• [AIM OF THE EXERCISE] Pictures aside, write out the data exactly as it reads.

• [SUPPLIED INFORMATION]
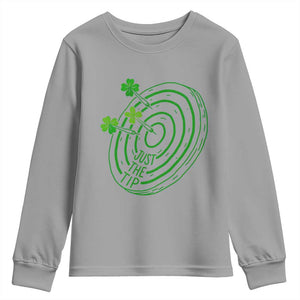 Dirty Humor Dartist St Patricks Day Gift Youth Sweatshirt Just The Tip TS12 Sport Gray Print Your Wear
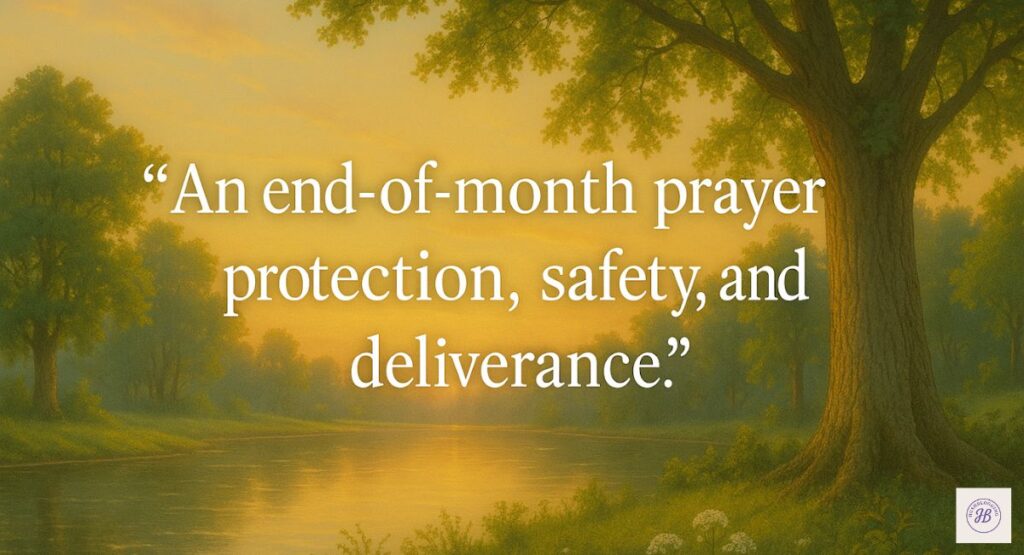 A Prayer for Protection, Safety & Deliverance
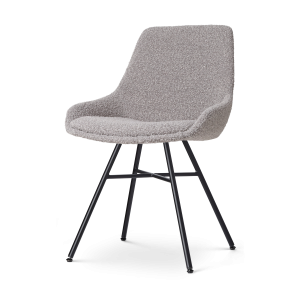 Nolon Noa-Isa Eetkamerstoel Bouclé Taupe – Stof – Zwart Onderstel Nolon Noa-Isa Eetkamerstoel Bouclé Taupe – Stof – Zwart Onderstel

• [EXERCISE SOLUTION]
 Dirty Humor Dartist St Patricks Day Gift Youth Sweatshirt Just The Tip TS12 Sport Gray Print Your Wear
 A Prayer for Protection, Safety & Deliverance
 Nolon Noa-Isa Eetkamerstoel Bouclé Taupe – Stof – Zwart Onderstel Nolon Noa-Isa Eetkamerstoel Bouclé Taupe – Stof – Zwart Onderstel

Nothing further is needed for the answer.